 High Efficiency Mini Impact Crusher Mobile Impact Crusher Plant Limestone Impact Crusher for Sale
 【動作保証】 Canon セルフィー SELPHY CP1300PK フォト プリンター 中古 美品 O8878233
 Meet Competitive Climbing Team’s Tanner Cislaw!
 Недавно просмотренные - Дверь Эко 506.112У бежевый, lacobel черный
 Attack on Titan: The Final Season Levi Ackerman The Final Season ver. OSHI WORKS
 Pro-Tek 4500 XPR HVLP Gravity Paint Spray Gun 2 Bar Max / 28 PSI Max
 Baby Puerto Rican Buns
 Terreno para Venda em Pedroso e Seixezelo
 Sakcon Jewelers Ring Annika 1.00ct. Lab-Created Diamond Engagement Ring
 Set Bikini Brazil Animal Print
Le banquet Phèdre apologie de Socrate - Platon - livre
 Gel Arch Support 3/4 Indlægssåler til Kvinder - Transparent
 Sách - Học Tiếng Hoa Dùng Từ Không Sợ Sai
══════════════════════════════
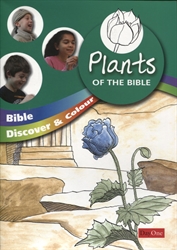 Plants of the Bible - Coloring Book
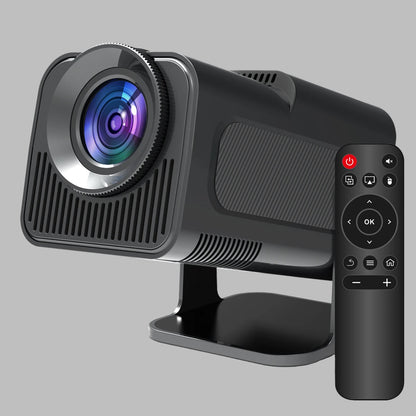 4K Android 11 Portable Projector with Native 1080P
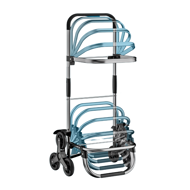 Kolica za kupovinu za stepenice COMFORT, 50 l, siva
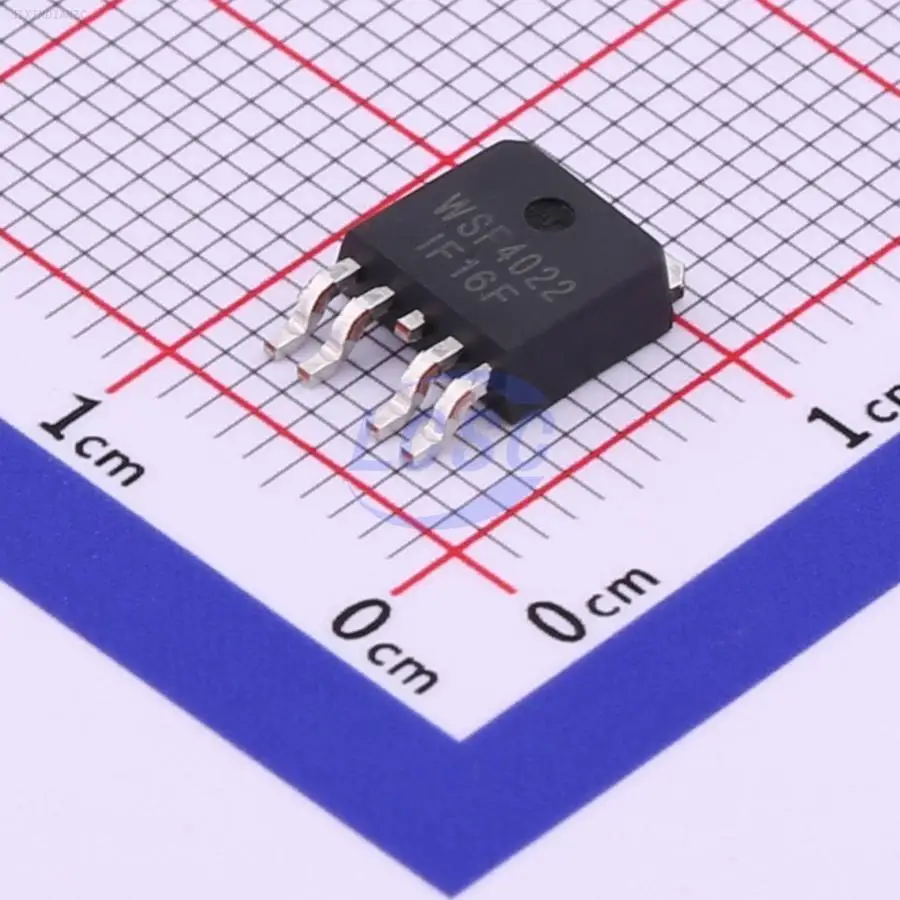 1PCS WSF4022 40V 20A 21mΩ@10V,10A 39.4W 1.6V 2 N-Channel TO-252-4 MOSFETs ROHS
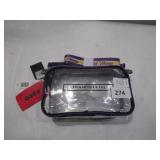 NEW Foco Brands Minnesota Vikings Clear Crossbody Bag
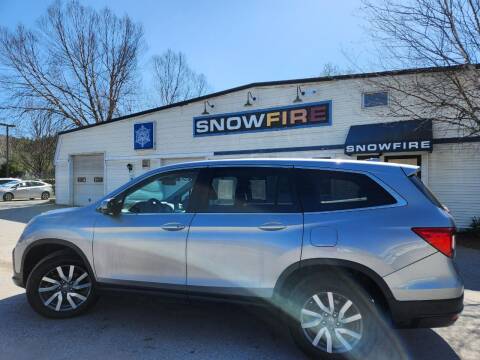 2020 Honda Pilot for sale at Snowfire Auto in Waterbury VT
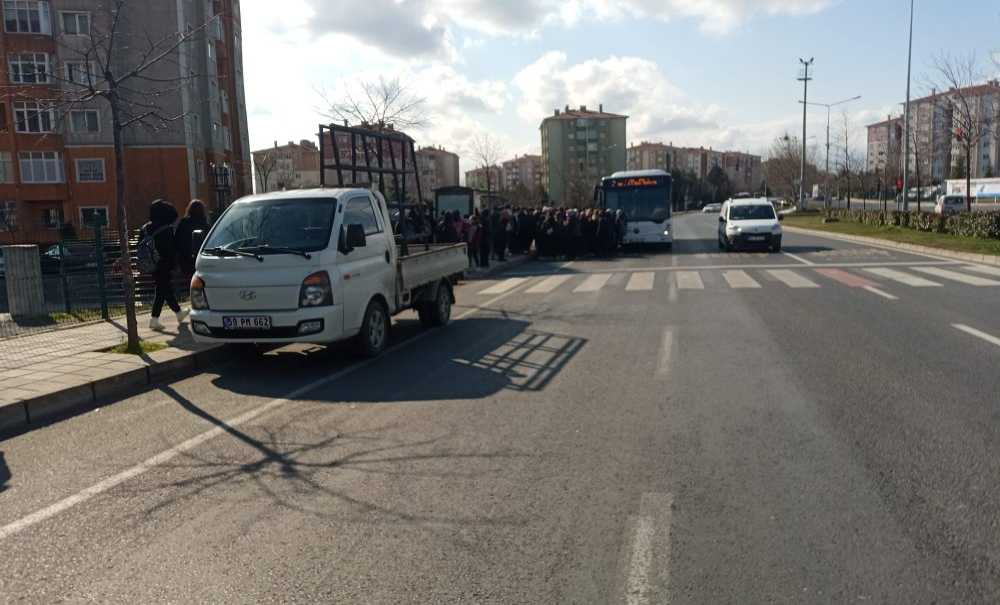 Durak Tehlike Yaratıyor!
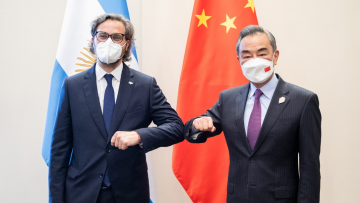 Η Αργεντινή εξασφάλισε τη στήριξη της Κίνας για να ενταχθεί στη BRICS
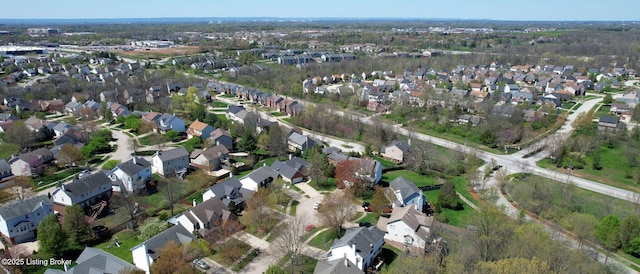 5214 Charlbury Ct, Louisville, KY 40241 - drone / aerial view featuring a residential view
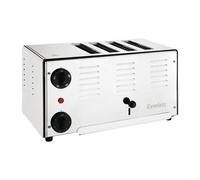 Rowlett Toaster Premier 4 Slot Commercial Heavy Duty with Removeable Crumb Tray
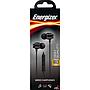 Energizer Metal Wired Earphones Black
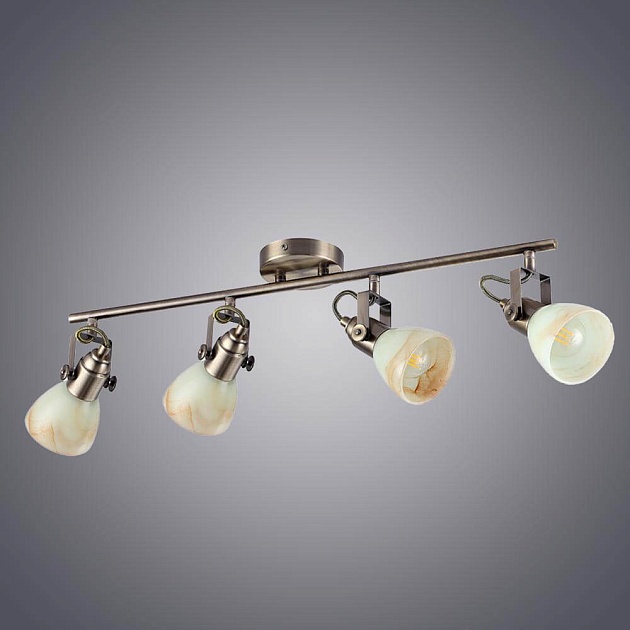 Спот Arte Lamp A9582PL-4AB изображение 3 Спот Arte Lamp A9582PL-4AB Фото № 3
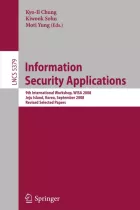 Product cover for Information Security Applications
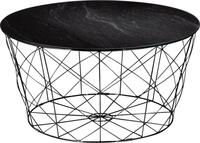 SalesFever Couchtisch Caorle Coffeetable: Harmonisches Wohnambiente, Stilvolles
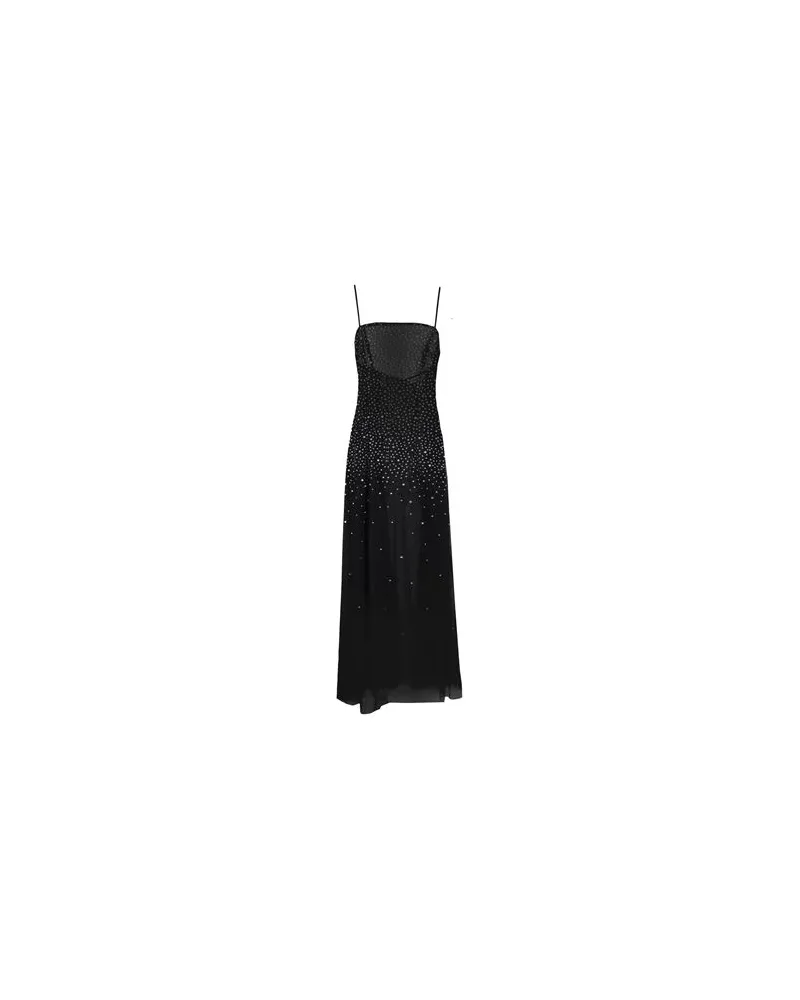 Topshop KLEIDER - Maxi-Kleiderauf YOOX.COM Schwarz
══════════════════════════════
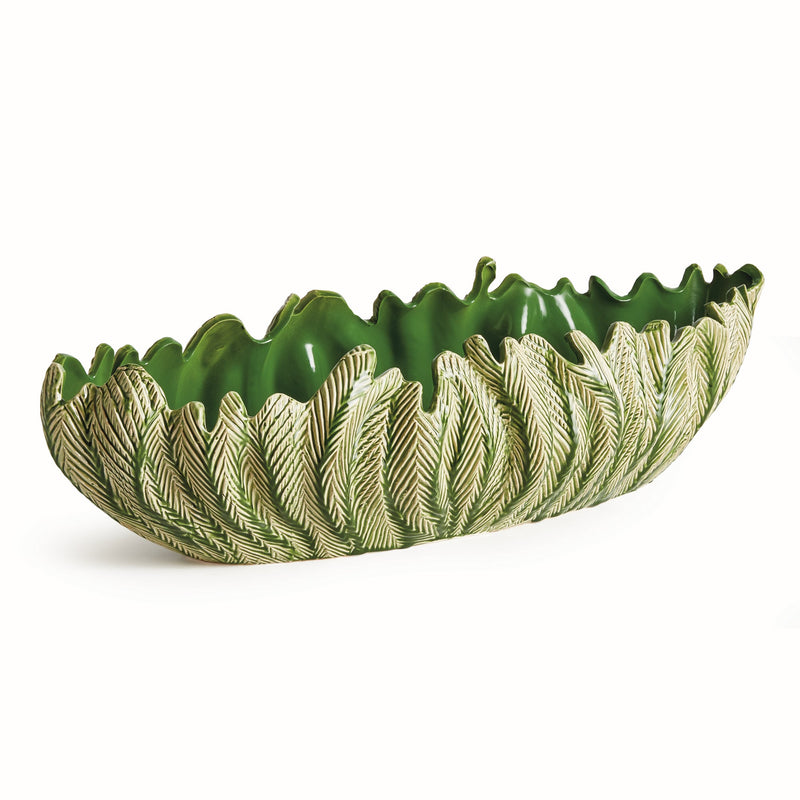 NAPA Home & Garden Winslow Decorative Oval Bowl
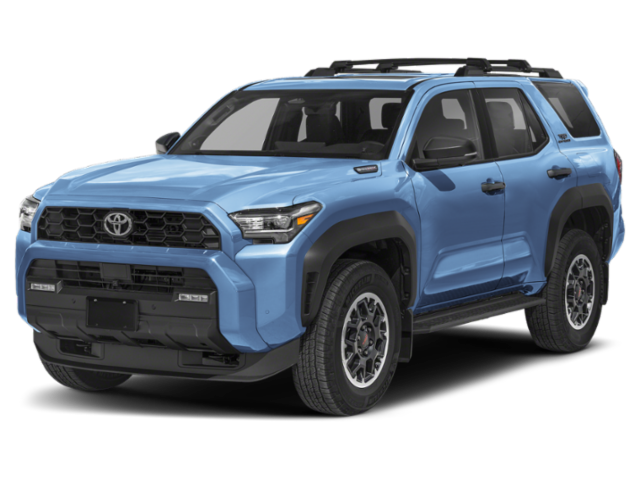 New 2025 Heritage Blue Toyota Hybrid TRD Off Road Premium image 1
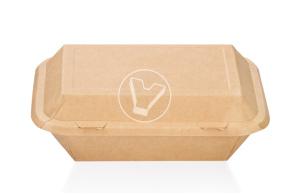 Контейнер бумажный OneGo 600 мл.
══════════════════════════════
The lines to copy exactly start with the line above that has "5214 Charlbury Ct, Louisville, KY" and go on through the line that has "Energizer Metal Wired Earphones Black"; please include both, add nothing else, and omit the pictures.

 5214 Charlbury Ct, Louisville, KY 40241 - drone / aerial view featuring a residential view
 Rowlett Toaster Premier 4 Slot Commercial Heavy Duty with Removeable Crumb Tray
 Energizer Metal Wired Earphones Black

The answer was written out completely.